Naive multicore question: pmap

multicore

#1

In Clojure (the functional language I know best), there is a primitive pmap that works exactly like map over list-like structures (e.g. like List.map in OCaml) except that pmap splits the input sequence into chunks and then applies the function argument in different threads on different cores. The number of threads depends on available cores. The returned value is the sequence that map would return.

Whether pmap improves speed depends on how much work the mapped function is doing, but sometime you can arrange your code so that a lot of the work is in one function that is mapped. It’s then easy to check whether pmap improves speed by adding and removing “p” before “map”. :slight_smile: Obviously this is only useful in some situations. (Clojure has other, more flexible primitives for parallelism as well.)

Is it likely that multicore will allow similar functionality in OCaml. i.e. would it be easy to add something like pmap to List, Array, LazyList, etc. (perhaps in Batteries or Jane Street’s Core)?


#2

There are some solutions which allow mapping over multiple cores:

(From ocaml-awesome, I selected those where I could find a map quickly.)


#3

Thanks Leonidas. I had forgotten that forking processes was an option, and those libraries look like they make that very easy. Great.

I would imagine that forking processes means that the mapped functions have to do more work to justify the cost than if threads were run on different cores.

I still my original question about the OCaml Multicore project: Is it likely that it will be easy to create pmap-style functions that will make it easy to split mapping between different cores, but without the cost of a fork?


#4

It’s actually a little more subtle than that. If the original process or the mapped functions (in their own processes) do too much work, they’ll create enough garbage for a full major GC. This involves marking the entire heap, which will trigger the copy-on-write unix fork mechanism to copy almost the whole heap from the original process. So there’s a very narrow window where this is actually efficient, and it’s not efficient at all on Windows, which doesn’t have copy-on-write forks.

Absolutely. This is a very simple use-case of multicore: it’s a simple master-workers pattern, and it’s deterministic.


#5

Thanks much @bluddy.
Very interesting about forking.


#6

After a little bit of refactoring that didn’t change my code’s speed, I made a small change in it to use Parmap.array_float_parmapi. A computation that took 25-27 seconds in native code on my 4-core MacBook Pro now takes between 0.018 and 0.0211 seconds to produce the same result.

Such a large speed improvement is simply unacceptable. I expected a 3X or 4X improvement, but not 1000X to 1500X ! When performing an expensive computation, you must feel it. You should know that you’re doing important work because it is taking so long to finish.

It is OK to speed things up, but this is just wrong. And Parmap is to blame.

(And yes, I did test to make sure that the results were the same. Amazing. No doubt the specialized float array processing provided by array_float_parmapi is part of the explanation.)


#7

Wait… not sure this is all correct.
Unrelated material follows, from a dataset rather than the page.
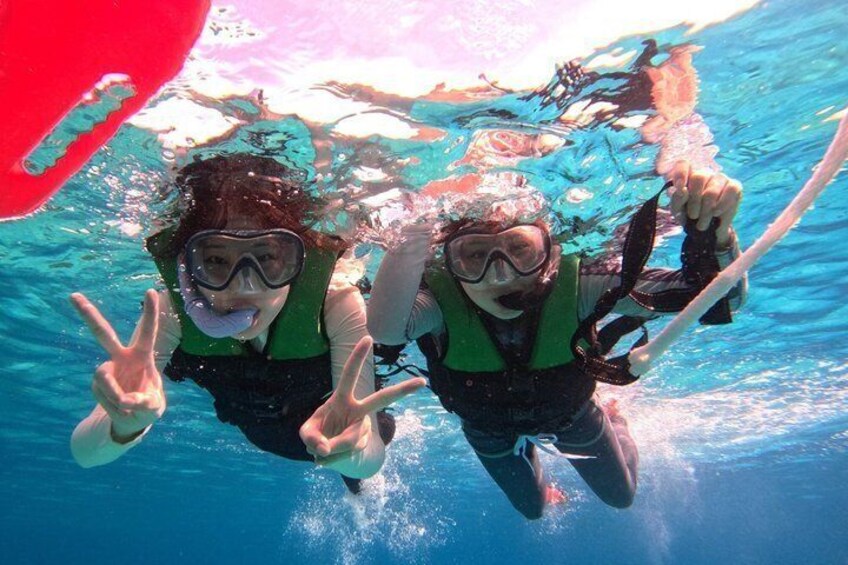 Two people scuba diving underwater, wearing green life vests and snorkels. 1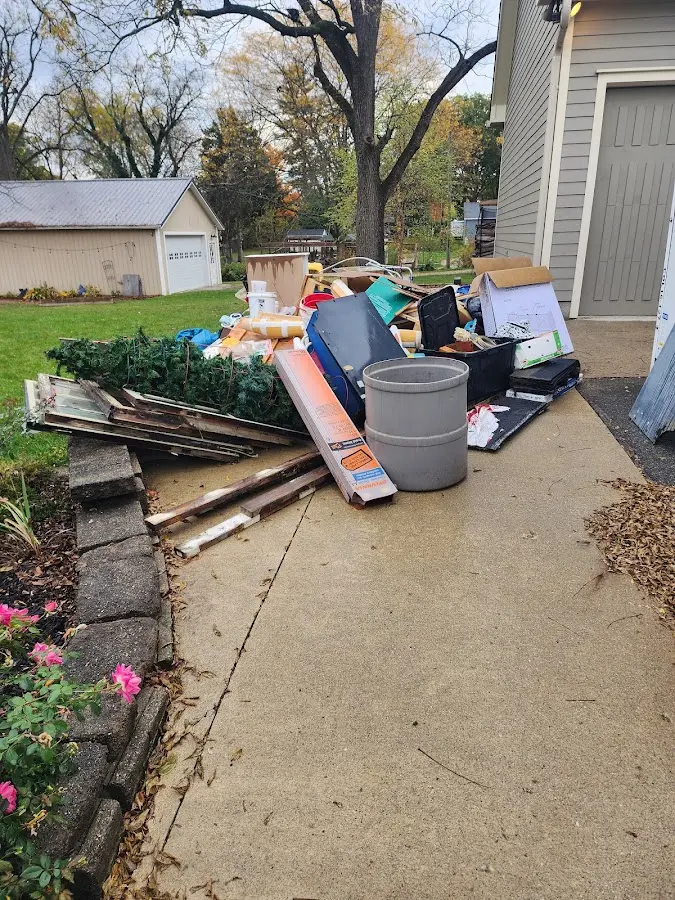 Dumpster being loaded with debris for Commercial Dumpster Rental in Wayne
More investigation needed…

I was using Sys.time to measure function execution time, but this seems to be inaccurate with Parmap. Unix.getttimeofday is more accurate.


#8

Maybe just talking to myself … but in case anyone’s interested in my experience with Parmap, I think I’ve now tested pretty much correctly, using gettimeofday and /usr/bin/time–and I will verify it using a better measure.
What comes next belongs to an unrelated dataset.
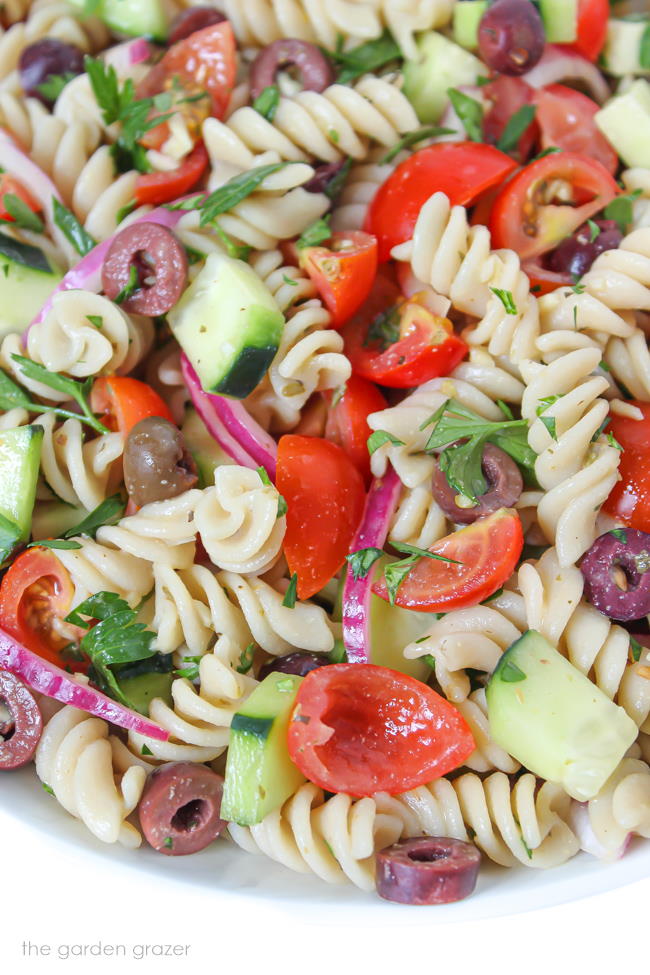 Vegan Pasta Salad in a bowl with tomatoes and cucumber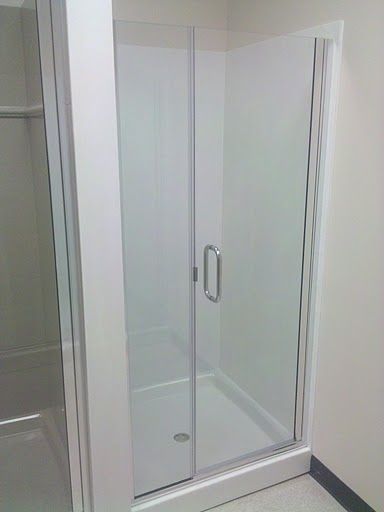 Glass shower enclosure with sliding door and metal handle in a white-walled room.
So, no, there was not a miraculous 1500X speed-up due to Parmap. On a later run I saw what looked like a 30K speedup. That really made me suspicious! (If anyone here has ever read Greg Egan’s novel Permutation City, … I was starting to wonder whether Parmap was doing Permutation-City-style computation.)

However, I can now report that I really did see an 18X speedup, which is pretty impressive for a 4-core machine, and makes the work I wanted to do a lot more feasible–thanks to Parmap's authors, Marco Danelutto and Roberto Di Cosmo.


#9

I’d be interested to know how exactly you got even 18x speedup. Your 4-core MBP has hyperthreading, so it’s effectively almost 8 cores, but there’s still a factor of 2 there that doesn’t make sense. It’s possible that there’s some GC overhead in the single-core version when dealing with a lot of data, that doesn’t exist when you ship the data off to separate forks.


#10

@bluddy, well I think I messed up again. I ran the experiment today, and had a 14X speedup. But I don’t think that’s right.
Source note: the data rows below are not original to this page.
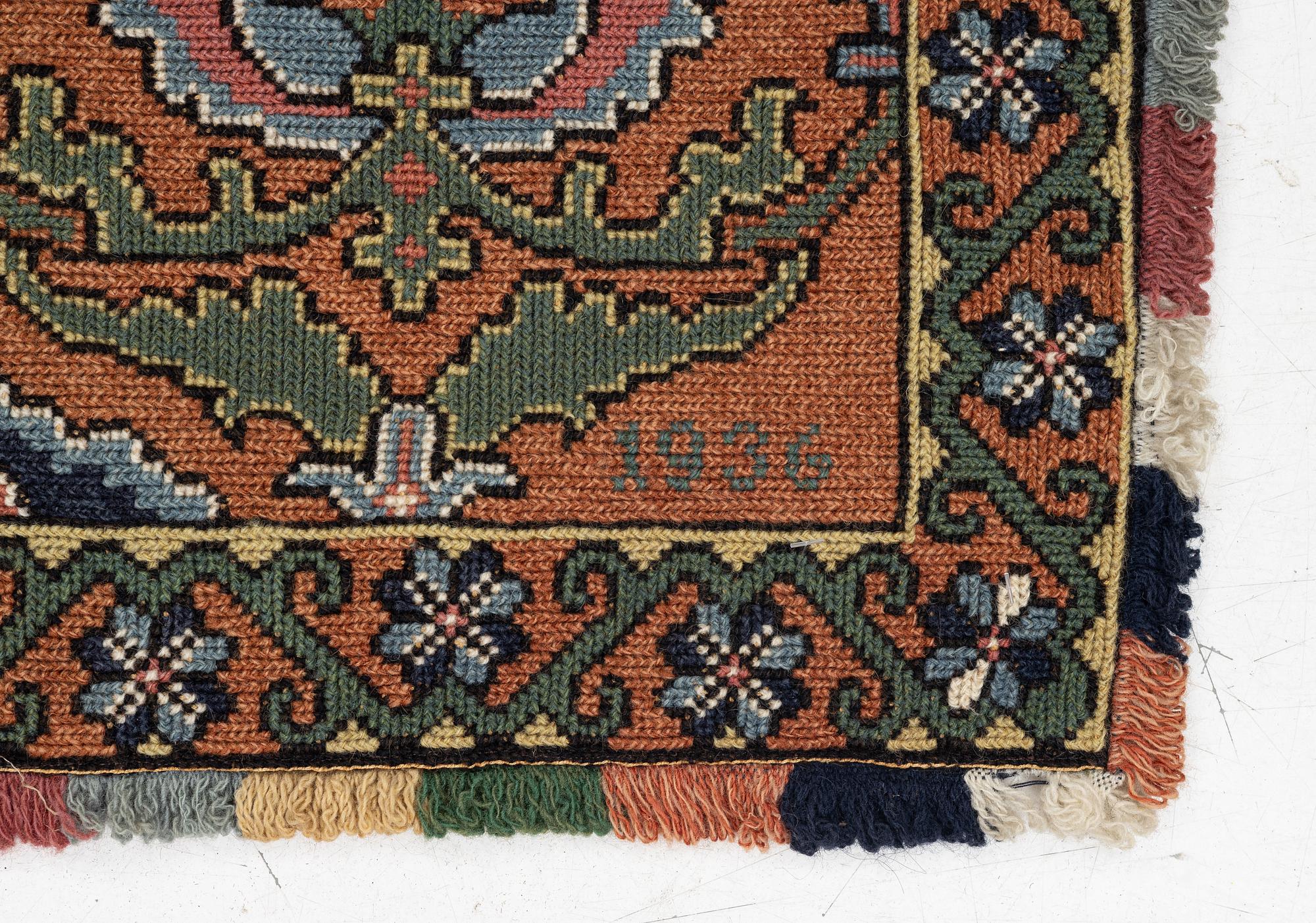 A sleigh cushion, signed BB and dated 1936, c. 160 x 67 cm.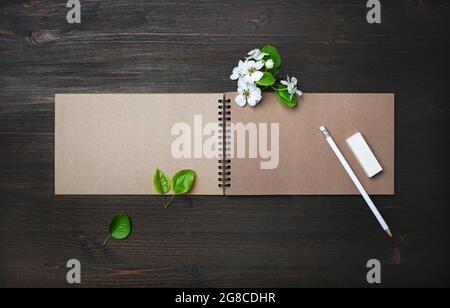 Photo of blank kraft sketchbook, pencil, eraser and spring flowers on wooden background. Template for placing your design. Flat lay. Stock Photo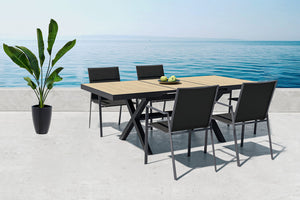 Outdoor beige table with black sides and with four armchairs by the ocean.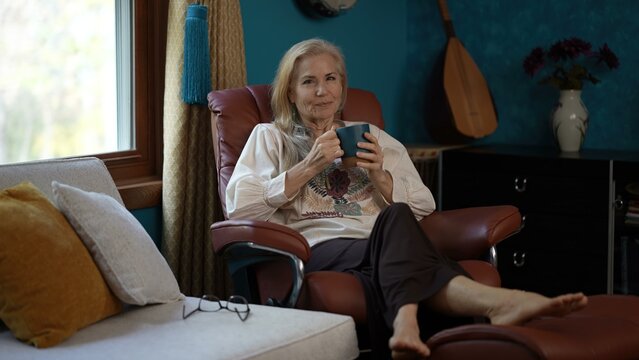 Portrait of smiling mature woman with graying hair sits in a brown leather recliner holding a blue mug and wearing ethnic blouse, black pants, and no shoes.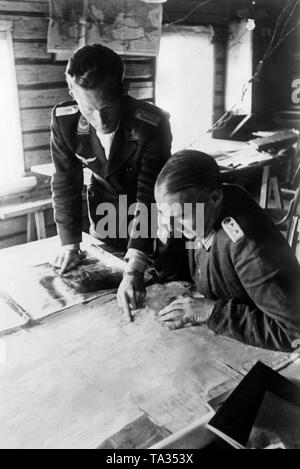 La Luftwaffe contrôleur aérien avancé (à gauche), ici un lieutenant, présente un officier d'état-major général, ici un colonel, des photographies aériennes de la reconnaissance. La photo a été prise à Gurodez, septembre 1941, sur le front de l'Est. Photo : reporter de guerre Ulrich. Banque D'Images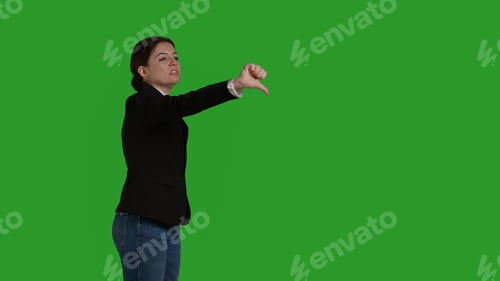 Preview: Side view of corporate employee giving thumbs down symbol in studio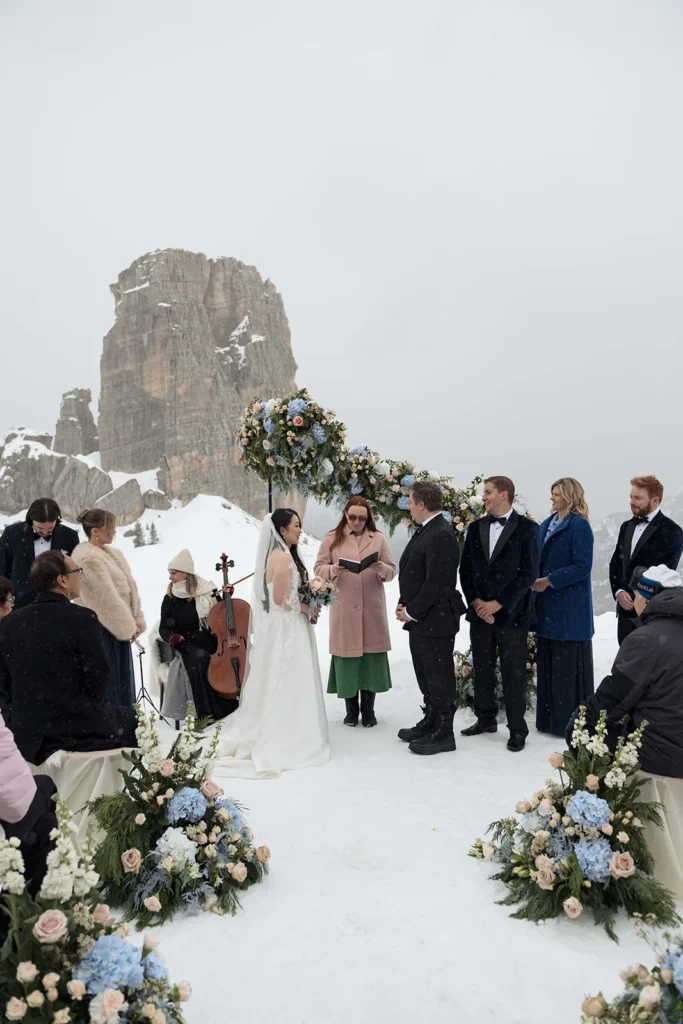 Winter wedding ceremony at the Cinque Torri with guests in the snow
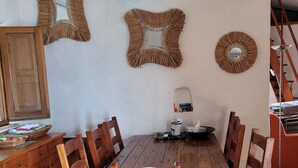 A dining area with a wooden table and chairs, surrounded by white walls with decorative mirrors and a ceiling light. - Small villa located in a quiet pool and sea view / Gulf of Policastro (MARATEA)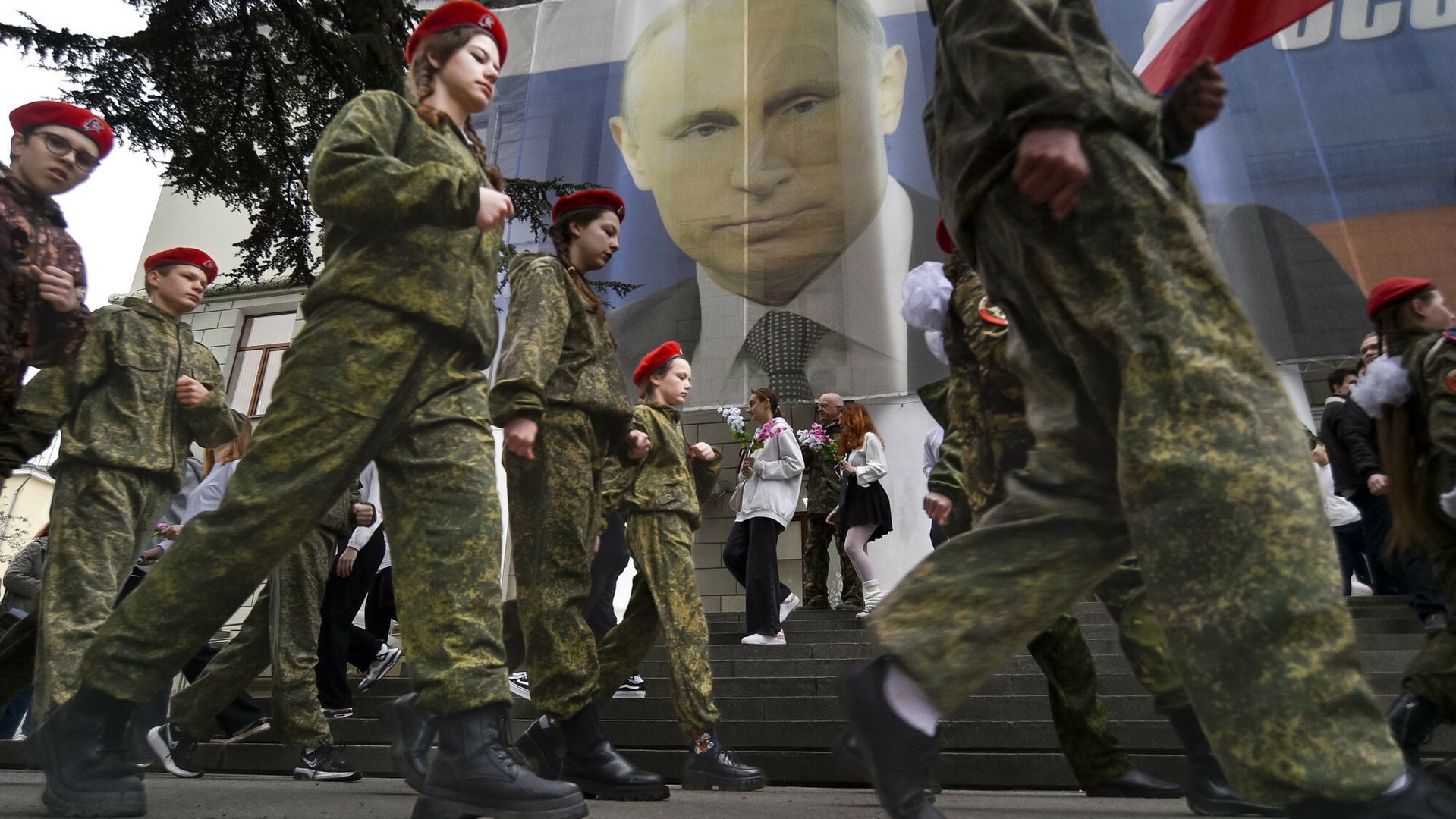 Rosyjska młodzież bierze udział w celebracji 9. rocznicy aneksji Krymu przez Rosję. Na plakacie z podobizną Władimira Putina widnieje napis "Rosja nie zaczyna wojen, Rosja je kończy"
I’m still using gettimeofday, and also using Sys.time in a separate calculation. Comparing the Sys.time number for Parmap seems meaningless. That number is so small that I think it’s just the amount of CPU used to fork the processes and whatever happens before and after that in the same function. So I’m not using that number any more.

When I give the 18X or 14X numbers, what I’m doing is I’m dividing the gettimeofday duration of the Parmap version by the same duration for a non-Parmap version.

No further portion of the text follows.